Short descriptive text snippets
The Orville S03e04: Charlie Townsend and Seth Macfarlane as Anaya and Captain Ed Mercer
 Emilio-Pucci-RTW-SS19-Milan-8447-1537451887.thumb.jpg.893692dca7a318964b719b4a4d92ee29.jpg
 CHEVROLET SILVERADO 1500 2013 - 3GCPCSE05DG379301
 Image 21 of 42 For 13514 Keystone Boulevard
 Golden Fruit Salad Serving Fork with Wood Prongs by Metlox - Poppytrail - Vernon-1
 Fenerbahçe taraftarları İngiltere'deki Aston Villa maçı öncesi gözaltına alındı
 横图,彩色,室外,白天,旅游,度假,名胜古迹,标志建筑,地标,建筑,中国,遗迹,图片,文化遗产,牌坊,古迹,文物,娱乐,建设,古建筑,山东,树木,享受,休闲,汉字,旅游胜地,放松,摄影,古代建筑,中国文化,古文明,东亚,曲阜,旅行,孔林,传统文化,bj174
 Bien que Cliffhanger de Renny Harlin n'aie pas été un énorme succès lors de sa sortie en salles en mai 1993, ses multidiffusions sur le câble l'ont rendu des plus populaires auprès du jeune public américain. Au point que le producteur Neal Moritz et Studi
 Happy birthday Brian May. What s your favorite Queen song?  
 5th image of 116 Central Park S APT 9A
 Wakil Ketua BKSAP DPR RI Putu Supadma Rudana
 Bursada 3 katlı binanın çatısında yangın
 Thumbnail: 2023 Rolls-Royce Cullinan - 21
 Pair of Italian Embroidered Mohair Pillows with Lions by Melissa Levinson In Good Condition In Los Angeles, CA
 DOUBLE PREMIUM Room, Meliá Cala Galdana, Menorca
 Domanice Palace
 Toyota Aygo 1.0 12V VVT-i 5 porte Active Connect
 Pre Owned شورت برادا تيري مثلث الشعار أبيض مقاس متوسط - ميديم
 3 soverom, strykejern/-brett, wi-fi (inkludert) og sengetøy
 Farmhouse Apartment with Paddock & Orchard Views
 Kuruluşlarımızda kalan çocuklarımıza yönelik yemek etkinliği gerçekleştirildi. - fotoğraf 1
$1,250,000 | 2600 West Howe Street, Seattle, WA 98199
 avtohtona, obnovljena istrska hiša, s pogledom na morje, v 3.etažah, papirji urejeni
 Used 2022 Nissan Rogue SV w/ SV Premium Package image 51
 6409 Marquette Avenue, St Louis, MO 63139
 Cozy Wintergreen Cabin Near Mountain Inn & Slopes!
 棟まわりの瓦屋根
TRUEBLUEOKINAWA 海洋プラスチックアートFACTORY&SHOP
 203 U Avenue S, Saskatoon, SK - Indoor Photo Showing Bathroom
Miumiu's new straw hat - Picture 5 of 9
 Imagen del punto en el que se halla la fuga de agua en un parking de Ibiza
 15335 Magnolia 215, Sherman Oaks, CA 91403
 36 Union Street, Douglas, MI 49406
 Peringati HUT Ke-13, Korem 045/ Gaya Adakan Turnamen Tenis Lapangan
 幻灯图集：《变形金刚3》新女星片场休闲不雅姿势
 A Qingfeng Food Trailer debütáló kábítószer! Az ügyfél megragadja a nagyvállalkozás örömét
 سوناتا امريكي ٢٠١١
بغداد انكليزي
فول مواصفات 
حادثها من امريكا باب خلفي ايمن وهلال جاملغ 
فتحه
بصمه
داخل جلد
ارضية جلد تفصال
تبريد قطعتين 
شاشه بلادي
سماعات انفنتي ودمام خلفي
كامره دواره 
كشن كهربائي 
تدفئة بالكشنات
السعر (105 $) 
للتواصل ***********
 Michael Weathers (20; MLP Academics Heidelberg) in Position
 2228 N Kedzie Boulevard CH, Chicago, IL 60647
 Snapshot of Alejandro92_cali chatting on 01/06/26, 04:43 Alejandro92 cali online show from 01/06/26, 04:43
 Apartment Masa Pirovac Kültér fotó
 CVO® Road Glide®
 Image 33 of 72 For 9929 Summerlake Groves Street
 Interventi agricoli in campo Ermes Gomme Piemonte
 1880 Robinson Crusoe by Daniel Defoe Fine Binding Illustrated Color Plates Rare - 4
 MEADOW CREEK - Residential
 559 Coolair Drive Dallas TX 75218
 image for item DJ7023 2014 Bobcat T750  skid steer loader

● **Task instructions**
Above are the records; repeat exactly the lines from the one holding "Wakil Ketua BKSAP DPR RI Putu Supadma Rudana" down to the one holding "Seattle, WA 98199", end lines included.

● **Reply to the exercise**
 Wakil Ketua BKSAP DPR RI Putu Supadma Rudana
 Bursada 3 katlı binanın çatısında yangın
 Thumbnail: 2023 Rolls-Royce Cullinan - 21
 Pair of Italian Embroidered Mohair Pillows with Lions by Melissa Levinson In Good Condition In Los Angeles, CA
 DOUBLE PREMIUM Room, Meliá Cala Galdana, Menorca
 Domanice Palace
 Toyota Aygo 1.0 12V VVT-i 5 porte Active Connect
 Pre Owned شورت برادا تيري مثلث الشعار أبيض مقاس متوسط - ميديم
 3 soverom, strykejern/-brett, wi-fi (inkludert) og sengetøy
 Farmhouse Apartment with Paddock & Orchard Views
 Kuruluşlarımızda kalan çocuklarımıza yönelik yemek etkinliği gerçekleştirildi. - fotoğraf 1
$1,250,000 | 2600 West Howe Street, Seattle, WA 98199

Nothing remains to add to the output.